===== Entries shown
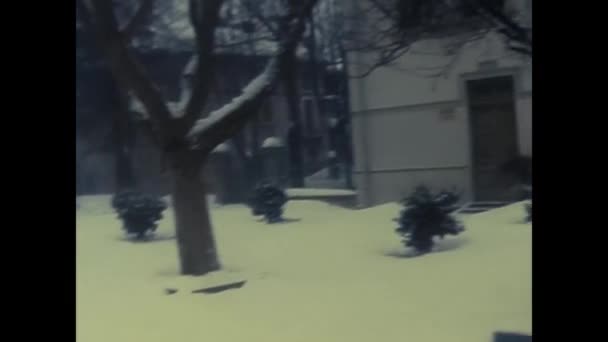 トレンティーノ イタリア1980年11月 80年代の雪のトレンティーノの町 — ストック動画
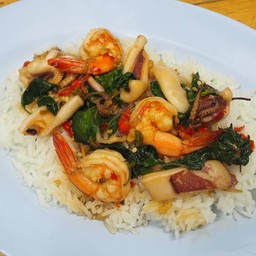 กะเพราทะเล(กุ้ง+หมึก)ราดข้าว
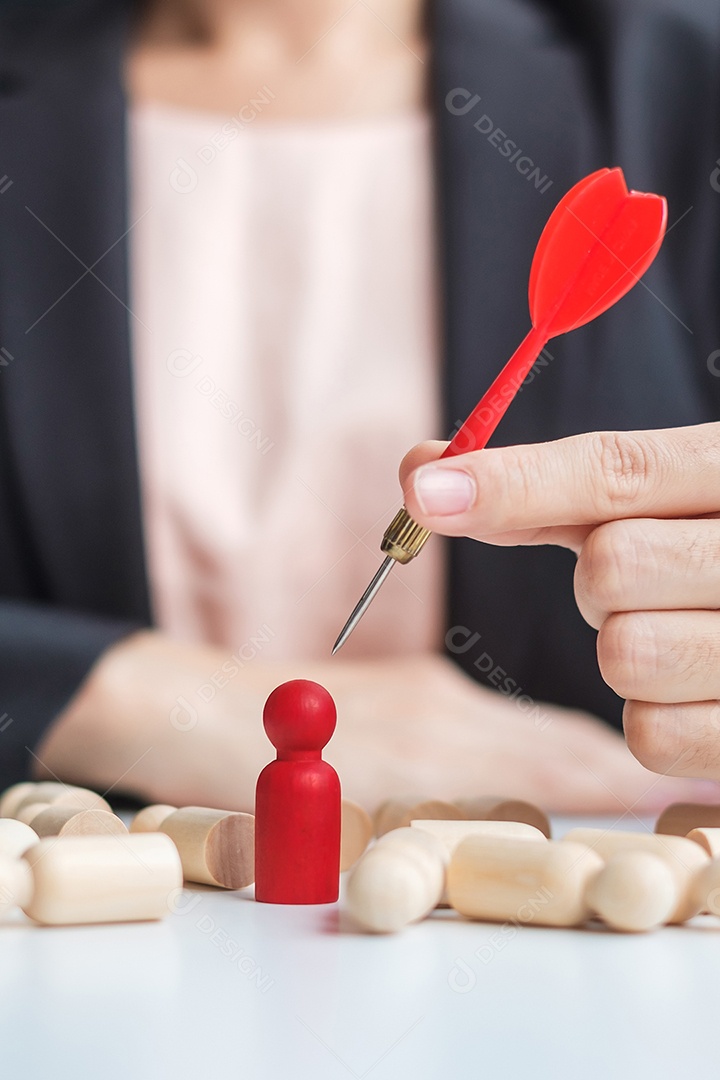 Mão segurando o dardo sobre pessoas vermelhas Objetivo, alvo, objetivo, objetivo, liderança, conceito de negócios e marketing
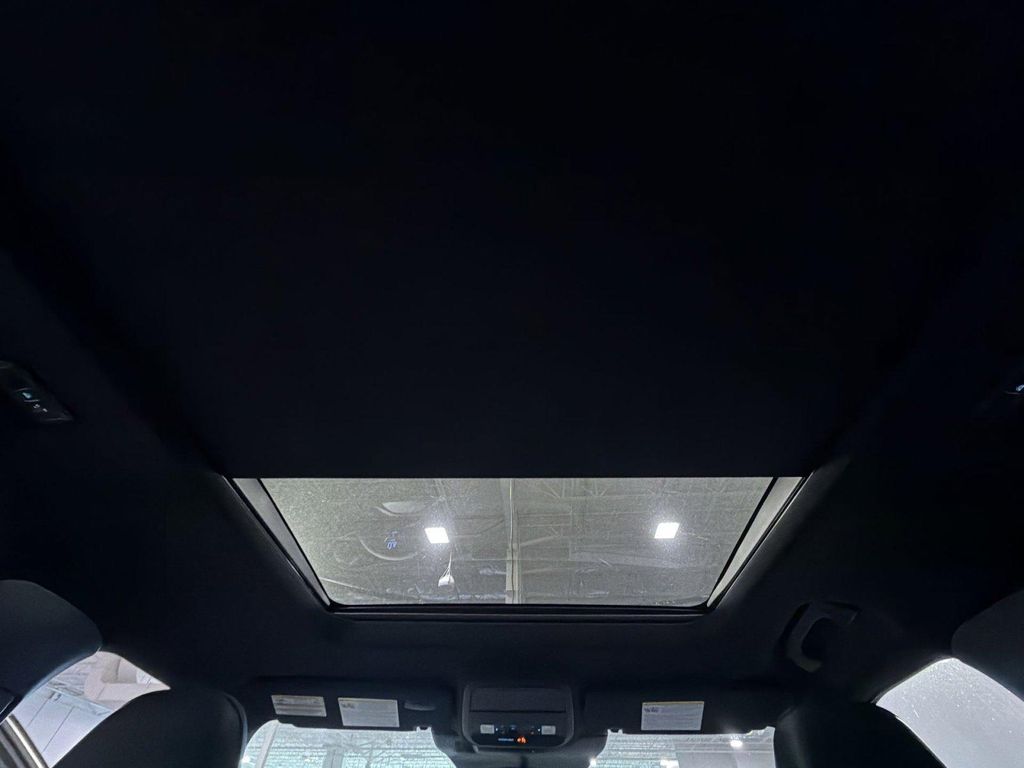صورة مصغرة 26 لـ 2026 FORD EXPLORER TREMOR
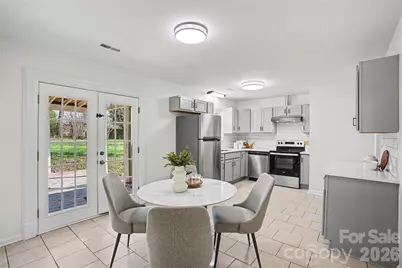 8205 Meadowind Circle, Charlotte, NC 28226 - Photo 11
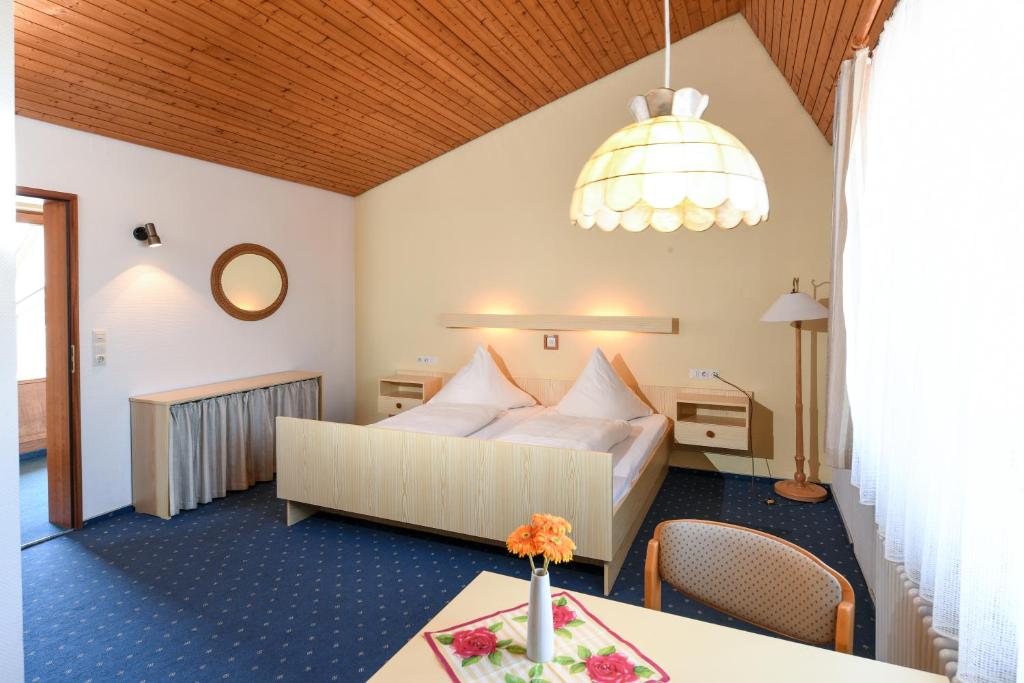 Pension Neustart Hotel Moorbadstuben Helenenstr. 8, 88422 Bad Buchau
==========
===== Entries shown
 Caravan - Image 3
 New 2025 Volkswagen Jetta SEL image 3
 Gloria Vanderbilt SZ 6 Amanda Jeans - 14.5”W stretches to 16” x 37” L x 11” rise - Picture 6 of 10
==========
> **Task details**:
Look above for the line with "กะเพราทะเล(กุ้ง+หมึก)ราดข้าว", then print it and each line after it down to and including the line with "Pension Neustart Hotel". Leave out the pictures and keep the wording exact.

> **Answer to the problem**:
 กะเพราทะเล(กุ้ง+หมึก)ราดข้าว
 Mão segurando o dardo sobre pessoas vermelhas Objetivo, alvo, objetivo, objetivo, liderança, conceito de negócios e marketing
صورة مصغرة 26 لـ 2026 FORD EXPLORER TREMOR
 8205 Meadowind Circle, Charlotte, NC 28226 - Photo 11
 Pension Neustart Hotel Moorbadstuben Helenenstr. 8, 88422 Bad Buchau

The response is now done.